==== COLLECTED DATA
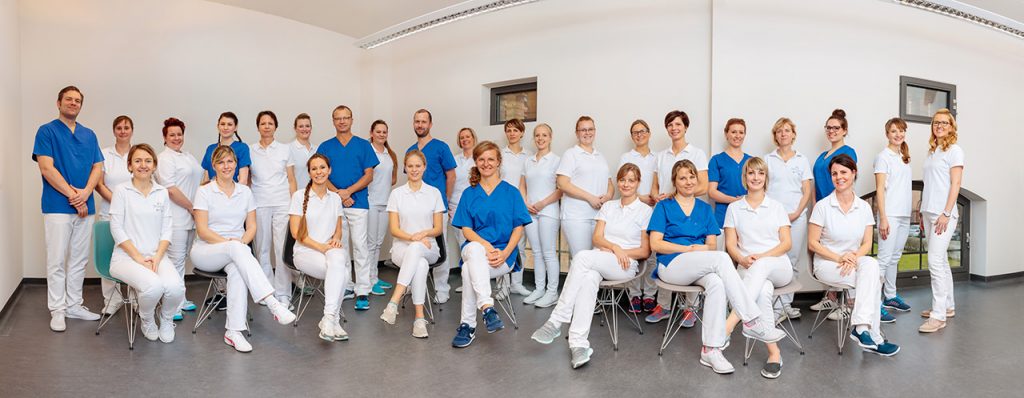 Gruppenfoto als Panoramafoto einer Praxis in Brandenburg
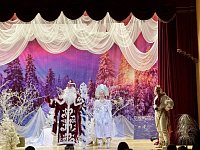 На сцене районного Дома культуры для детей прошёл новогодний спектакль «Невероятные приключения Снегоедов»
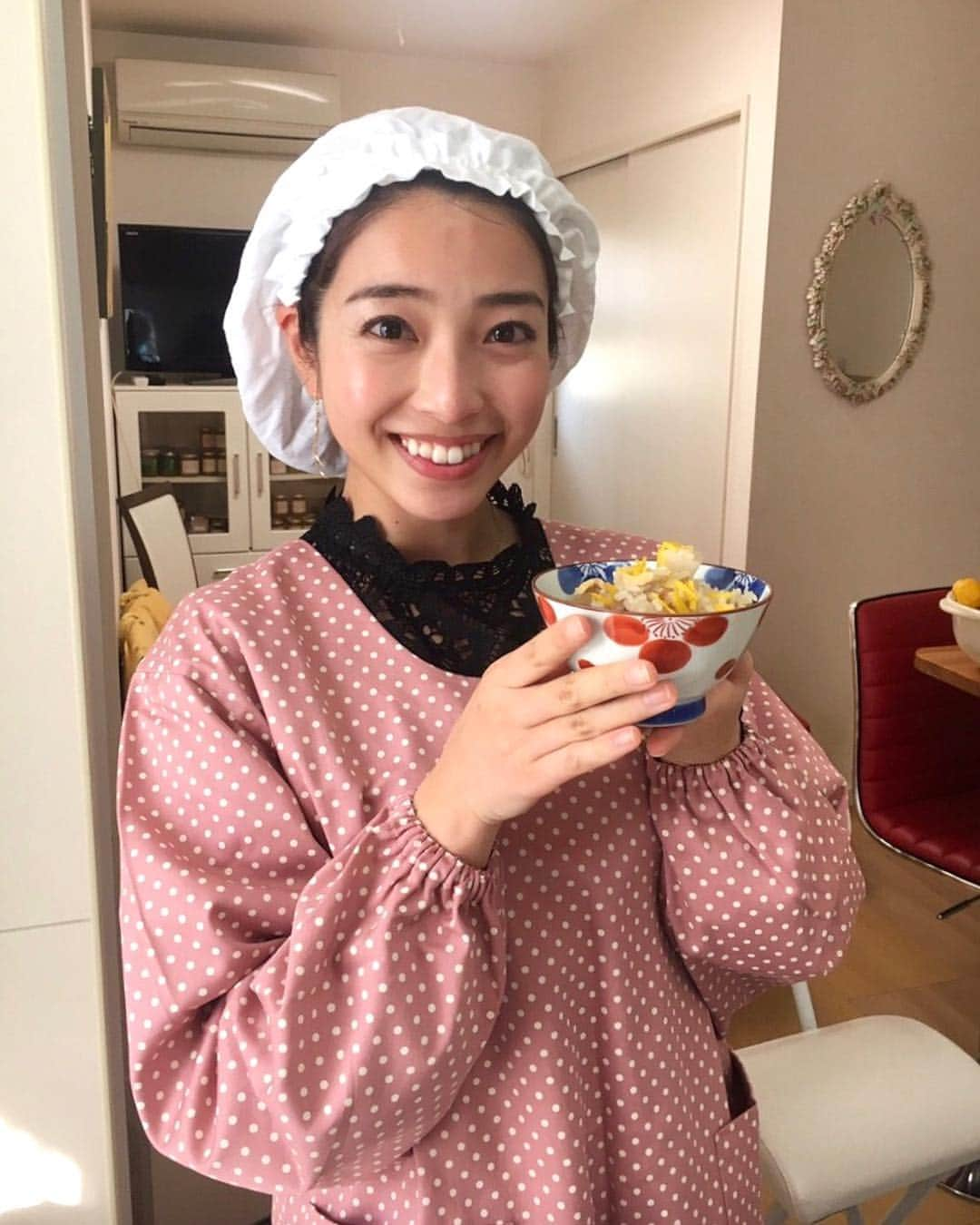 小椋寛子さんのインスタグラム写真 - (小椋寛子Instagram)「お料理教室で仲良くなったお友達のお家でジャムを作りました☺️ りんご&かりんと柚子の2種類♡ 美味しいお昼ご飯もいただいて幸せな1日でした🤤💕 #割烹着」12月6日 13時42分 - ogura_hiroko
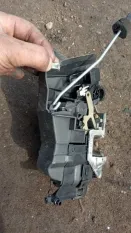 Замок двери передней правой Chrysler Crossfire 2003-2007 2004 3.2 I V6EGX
========
▶ [WORK REQUIRED]
While leaving pictures out, reproduce exactly the lines from the beginning of the listing above through the line containing "13時42分 - ogura_hiroko", both ends included.

▶ [SOLUTION TO THIS EXERCISE]
 Gruppenfoto als Panoramafoto einer Praxis in Brandenburg
 На сцене районного Дома культуры для детей прошёл новогодний спектакль «Невероятные приключения Снегоедов»
 小椋寛子さんのインスタグラム写真 - (小椋寛子Instagram)「お料理教室で仲良くなったお友達のお家でジャムを作りました☺️ りんご&かりんと柚子の2種類♡ 美味しいお昼ご飯もいただいて幸せな1日でした🤤💕 #割烹着」12月6日 13時42分 - ogura_hiroko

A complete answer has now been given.